The long-anticipated bankruptcy proceedings also put the United Mine Workers of America’s already fragile and underfunded pension plan on even shakier ground. The situation could potentially spur a divided Congress and Trump, who has championed coal workers, to bail out the miners. Currently, Murray Energy pays into the pension plan for UMWA, which represents a large chunk of the company’s full-time employees.
“Hopefully, it will accelerate the legislative process,” said Phil Smith, head of government affairs for UMWA, which represents a large chunk of Murray Energy’s full-time employees.
The UMWA pension plan faces a shortfall after being hit hard by the financial crisis a decade ago, as well as for having fewer active workers contributing to it as the U.S. coal mining sector continues to shrink.
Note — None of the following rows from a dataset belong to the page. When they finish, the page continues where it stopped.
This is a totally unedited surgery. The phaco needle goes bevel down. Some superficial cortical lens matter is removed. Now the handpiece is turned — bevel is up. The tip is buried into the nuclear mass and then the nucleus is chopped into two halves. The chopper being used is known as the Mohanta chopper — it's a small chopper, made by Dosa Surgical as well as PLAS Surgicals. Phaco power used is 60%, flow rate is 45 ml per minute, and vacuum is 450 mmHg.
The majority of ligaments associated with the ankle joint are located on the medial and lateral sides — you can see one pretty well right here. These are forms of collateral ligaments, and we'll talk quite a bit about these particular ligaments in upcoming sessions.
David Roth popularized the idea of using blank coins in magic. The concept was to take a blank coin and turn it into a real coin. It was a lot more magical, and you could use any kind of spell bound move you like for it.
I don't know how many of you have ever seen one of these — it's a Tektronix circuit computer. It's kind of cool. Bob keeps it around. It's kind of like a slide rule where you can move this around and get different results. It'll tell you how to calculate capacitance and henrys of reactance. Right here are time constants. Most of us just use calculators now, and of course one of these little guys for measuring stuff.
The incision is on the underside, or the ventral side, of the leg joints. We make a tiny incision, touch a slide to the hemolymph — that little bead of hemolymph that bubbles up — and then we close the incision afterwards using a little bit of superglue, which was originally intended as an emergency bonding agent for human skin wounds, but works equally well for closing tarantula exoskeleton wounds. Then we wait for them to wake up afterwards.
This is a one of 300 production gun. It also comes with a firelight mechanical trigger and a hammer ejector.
But it is underfunded also because other coal companies have shed their pension obligations through bankruptcy. Among the billions of dollars of debt Murray Energy wants to restructure — or get rid of entirely — are its contributions to the pension plan. Excluding one of its subsidies that is not part of the bankruptcy proceedings, Murray Energy has about $2.7 billion in funded debt, as well about $8 billion in actual or potential obligations to fund pension and benefit plans, according to court filings.
Robert Moore, the company’s new CEO, hinted in a court filing that Murray Energy may seek relief from its pension obligations.
“Murray’s employees are its lifeblood… Nonetheless, the cost of servicing its funded debt, together with the myriad of obligations Murray has to current and former employees, including to a pension fund that has been abandoned by other employers, have substantially reduced liquidity,” Moore wrote to the bankruptcy court. a court filing.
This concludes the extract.